There's a little something called the Estate Tax (what many American politicians propagandistically prefer to call the Death Tax) which is supposed to follow a key mantra of democratic capitalism - humans are entitled to the wealth THEY THEMSELVES generate. Obviously the "they themselves" part is incredibly difficult to determine - mob bosses, drug kingpins, and exploitative capitalists lay claim to a large amount of "wealth generation", which is actually more like wealth theft or wealth extortion, but no system is perfect.
The Estate Tax is overwhelmingly important to the functioning of a democratic capitalist society, and it greatly harms both democracy *and* capitalism to erode or dismiss it. In 1941 (in the United States) the estate tax on estates over $50M was 77%. The maximum rate currently is 40%, and as we might expect has taken a series of hits since the 1941 high.
This is deemed "too boring" of an issue for the left to care about, which is why practically all effort on the issue is right-wing (not to be confused with pro-capitalist). http://opinionator.blogs.nytimes.com/2013/03/24/is-the-estate-tax-doomed/?_php=true&_type=blogs&_r=0 http://taxhistory.tax.org/thp/readings.nsf/ArtWeb/880F5B5E62FE817F852571B0006851CA?OpenDocument
This is a global movement - countries otherwise considered respectable or "progressive" have abolished their estate tax - Sweden, Norway, and Canada alongside many others - Australia, Austria, Hong Kong, India, Israel, New Zealand, Russia, and Singapore. All of the abolishments have happened since 1972, and six of them in the last 10 years.
It is within this context, neither democratic nor capitalist, that billionaires are declared "generous" for self-imposing an estate tax.
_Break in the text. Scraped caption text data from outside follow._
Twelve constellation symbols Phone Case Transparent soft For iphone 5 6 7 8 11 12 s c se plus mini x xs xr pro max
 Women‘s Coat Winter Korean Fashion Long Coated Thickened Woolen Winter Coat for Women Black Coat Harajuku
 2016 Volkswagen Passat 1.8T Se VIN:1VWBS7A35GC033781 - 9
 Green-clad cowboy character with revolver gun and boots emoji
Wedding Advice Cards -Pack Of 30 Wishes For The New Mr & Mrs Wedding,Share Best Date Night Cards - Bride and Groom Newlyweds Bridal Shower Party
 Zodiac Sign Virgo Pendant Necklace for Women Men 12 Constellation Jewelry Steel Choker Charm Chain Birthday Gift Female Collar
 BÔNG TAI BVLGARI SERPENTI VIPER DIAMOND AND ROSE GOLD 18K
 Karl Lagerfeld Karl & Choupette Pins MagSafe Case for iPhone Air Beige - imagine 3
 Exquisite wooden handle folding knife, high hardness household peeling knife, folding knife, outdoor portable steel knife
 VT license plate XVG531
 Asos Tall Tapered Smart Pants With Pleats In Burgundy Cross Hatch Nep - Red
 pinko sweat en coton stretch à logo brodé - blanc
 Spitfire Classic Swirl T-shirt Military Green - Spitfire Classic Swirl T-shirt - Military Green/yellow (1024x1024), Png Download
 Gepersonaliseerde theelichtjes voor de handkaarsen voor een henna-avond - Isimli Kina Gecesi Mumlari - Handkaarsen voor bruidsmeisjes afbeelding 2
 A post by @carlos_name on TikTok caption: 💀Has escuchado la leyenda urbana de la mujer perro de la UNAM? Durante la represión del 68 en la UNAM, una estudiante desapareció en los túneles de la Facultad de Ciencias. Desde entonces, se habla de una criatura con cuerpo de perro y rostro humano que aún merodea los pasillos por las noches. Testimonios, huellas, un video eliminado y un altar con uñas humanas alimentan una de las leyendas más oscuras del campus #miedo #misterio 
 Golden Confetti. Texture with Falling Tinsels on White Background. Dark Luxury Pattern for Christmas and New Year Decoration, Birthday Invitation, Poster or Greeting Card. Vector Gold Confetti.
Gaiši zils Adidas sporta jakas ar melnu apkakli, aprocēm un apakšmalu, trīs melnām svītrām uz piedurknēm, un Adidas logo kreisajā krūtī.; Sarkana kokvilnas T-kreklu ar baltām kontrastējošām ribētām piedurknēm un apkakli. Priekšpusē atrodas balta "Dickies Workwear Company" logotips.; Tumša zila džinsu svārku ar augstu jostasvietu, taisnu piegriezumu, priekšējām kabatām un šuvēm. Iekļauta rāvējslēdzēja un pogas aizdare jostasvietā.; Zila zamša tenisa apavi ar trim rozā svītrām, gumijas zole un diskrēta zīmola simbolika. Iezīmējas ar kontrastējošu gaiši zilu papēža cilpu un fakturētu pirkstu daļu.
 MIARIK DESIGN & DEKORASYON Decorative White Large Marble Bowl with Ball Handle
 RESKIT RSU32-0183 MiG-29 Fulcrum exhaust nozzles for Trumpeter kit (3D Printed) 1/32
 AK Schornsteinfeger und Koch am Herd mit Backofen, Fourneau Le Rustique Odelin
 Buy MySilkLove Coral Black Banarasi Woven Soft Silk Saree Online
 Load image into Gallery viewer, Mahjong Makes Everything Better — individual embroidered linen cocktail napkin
What is now "generous" used to be The Law.
Think about this conceptually for a moment - democracy and capitalism are so utterly broken around the world that BILLIONAIRES have to become leaders in democracy and capitalism. Think about going into a mom and pop store in the 19th century and explaining this future reality - they would throw you out for being a ridiculous lunatic.
I have no problem with truth being stranger than fiction. It's when truth is far more depressing than fiction that there's a serious problem.